Mehrwertsteuer in der Schweiz

Wer als Unternehmer Geschäfte in der Schweiz tätigt oder Lieferungen und Leistungen an Schweizer Unternehmen erbringt, muss sich Gedanken darüber machen, ob Schweizer Mehrwertsteuer anfällt und entsprechende Registrierungs- und Anmeldepflichten bestehen.

Mehrwertsteuerpflicht

Grundsätzlich mehrwertsteuerpflichtig in der Schweiz ist, wer ein Unternehmen betreibt, also eine gewerbliche Tätigkeit ausübt und mit eigenem Namen nach außen auftritt. Dies gilt auch für Unternehmen mit Geschäftssitz im Ausland, die in der Schweiz tätig sind.

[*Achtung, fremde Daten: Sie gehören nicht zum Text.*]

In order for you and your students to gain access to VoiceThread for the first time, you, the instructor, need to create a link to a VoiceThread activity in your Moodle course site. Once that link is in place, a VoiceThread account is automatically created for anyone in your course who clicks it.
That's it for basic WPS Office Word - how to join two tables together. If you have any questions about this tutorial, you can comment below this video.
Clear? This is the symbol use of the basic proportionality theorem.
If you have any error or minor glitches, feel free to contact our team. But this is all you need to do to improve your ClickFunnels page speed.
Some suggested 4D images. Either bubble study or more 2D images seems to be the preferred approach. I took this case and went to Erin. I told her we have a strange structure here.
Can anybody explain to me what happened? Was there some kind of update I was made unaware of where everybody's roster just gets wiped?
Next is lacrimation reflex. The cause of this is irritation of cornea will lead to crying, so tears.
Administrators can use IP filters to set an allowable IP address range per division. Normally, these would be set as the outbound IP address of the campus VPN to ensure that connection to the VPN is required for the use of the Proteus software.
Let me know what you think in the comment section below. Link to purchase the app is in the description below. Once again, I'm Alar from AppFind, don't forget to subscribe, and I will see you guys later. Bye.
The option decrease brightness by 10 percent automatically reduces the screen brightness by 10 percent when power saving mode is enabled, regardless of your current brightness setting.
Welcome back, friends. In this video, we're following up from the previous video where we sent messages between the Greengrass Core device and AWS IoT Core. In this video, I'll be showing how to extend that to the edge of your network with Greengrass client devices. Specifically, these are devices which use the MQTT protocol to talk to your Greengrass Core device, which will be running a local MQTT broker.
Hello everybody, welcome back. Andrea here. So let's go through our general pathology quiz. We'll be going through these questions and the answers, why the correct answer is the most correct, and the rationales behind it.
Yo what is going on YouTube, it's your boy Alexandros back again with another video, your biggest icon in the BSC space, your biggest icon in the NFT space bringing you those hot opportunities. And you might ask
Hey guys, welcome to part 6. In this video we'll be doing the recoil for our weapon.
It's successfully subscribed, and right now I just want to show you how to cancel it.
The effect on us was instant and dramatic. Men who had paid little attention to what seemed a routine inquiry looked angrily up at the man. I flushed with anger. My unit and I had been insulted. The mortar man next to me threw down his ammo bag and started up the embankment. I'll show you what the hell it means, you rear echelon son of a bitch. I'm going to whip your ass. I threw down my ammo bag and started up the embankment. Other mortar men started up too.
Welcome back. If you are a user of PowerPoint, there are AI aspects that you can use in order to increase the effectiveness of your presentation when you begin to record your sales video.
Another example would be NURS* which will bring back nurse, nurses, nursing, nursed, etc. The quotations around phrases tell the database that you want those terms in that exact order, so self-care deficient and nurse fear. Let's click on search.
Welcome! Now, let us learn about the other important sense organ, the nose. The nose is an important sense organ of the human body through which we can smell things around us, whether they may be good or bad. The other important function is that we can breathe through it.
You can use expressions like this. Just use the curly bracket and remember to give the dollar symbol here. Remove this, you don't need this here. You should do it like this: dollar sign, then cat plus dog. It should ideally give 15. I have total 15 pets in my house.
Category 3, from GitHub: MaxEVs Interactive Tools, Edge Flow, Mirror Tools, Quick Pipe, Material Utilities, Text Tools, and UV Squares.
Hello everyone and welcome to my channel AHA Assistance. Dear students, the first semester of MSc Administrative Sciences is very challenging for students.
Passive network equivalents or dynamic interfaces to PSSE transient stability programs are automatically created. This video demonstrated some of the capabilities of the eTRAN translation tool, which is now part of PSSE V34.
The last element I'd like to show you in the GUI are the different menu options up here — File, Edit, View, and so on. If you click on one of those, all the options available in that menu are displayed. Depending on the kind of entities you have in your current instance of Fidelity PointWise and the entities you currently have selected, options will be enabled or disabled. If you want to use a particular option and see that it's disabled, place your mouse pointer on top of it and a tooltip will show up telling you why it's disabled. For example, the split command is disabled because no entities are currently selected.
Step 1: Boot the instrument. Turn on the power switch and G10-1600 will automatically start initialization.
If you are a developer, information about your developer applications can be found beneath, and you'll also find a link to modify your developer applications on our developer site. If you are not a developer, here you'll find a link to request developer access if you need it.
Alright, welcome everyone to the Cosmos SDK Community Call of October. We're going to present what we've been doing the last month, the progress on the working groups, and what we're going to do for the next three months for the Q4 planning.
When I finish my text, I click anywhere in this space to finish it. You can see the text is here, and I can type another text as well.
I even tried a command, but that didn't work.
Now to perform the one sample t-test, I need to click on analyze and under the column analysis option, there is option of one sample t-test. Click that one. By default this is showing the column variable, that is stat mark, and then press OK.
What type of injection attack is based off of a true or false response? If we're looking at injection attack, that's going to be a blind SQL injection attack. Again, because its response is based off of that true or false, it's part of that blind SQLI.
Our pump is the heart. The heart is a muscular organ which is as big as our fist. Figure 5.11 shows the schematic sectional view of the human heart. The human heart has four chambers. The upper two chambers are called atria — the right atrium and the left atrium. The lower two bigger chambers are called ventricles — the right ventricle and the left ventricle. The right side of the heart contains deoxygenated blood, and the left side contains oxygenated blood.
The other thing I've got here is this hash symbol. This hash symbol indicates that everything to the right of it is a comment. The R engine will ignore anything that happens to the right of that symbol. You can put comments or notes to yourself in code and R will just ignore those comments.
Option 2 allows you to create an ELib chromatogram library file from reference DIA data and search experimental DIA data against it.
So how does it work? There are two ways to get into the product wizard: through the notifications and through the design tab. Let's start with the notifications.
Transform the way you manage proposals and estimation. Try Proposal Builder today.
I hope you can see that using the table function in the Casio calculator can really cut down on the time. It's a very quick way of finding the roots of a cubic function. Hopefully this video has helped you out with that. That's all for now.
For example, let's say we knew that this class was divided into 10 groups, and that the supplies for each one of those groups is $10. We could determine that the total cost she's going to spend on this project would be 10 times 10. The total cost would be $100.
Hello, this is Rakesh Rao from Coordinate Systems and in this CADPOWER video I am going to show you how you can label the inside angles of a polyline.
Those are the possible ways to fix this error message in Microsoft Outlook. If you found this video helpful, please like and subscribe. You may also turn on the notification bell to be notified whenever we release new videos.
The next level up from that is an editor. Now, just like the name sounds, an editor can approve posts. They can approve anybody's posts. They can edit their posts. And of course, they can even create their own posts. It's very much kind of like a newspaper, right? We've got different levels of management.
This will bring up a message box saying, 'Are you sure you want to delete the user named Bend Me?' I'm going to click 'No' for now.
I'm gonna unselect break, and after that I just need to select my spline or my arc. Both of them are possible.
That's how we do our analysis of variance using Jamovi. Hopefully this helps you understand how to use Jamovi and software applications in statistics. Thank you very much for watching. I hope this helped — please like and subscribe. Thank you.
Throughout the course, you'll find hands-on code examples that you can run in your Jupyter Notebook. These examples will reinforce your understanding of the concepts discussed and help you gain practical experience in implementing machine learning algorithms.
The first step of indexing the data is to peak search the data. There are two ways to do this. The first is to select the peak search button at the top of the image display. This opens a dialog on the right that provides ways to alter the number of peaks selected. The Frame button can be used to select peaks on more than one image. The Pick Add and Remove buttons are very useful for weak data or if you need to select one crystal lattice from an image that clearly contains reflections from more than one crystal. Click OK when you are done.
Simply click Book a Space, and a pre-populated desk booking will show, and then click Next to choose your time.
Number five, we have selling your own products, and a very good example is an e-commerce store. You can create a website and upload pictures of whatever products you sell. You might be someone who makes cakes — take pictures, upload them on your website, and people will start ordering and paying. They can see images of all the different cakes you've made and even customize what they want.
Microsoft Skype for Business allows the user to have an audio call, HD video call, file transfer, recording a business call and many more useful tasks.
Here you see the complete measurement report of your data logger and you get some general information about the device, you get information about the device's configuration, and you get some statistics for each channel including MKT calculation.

Dienstleistungen in der Schweiz

Dienstleistungen an Empfänger in der Schweiz unterliegen grundsätzlich der Schweizer Mehrwertsteuer.

Von der Steuerpflicht ausgenommen sind allerdings Unternehmen mit Sitz im Ausland, die in der Schweiz ausschließlich der Bezugsteuer (Art. 45 – 49 MWStG) unterliegende Leistungen erbringen. Das ist der Fall bei Dienstleistungen an Schweizer Unternehmen (B2B-Umsätze).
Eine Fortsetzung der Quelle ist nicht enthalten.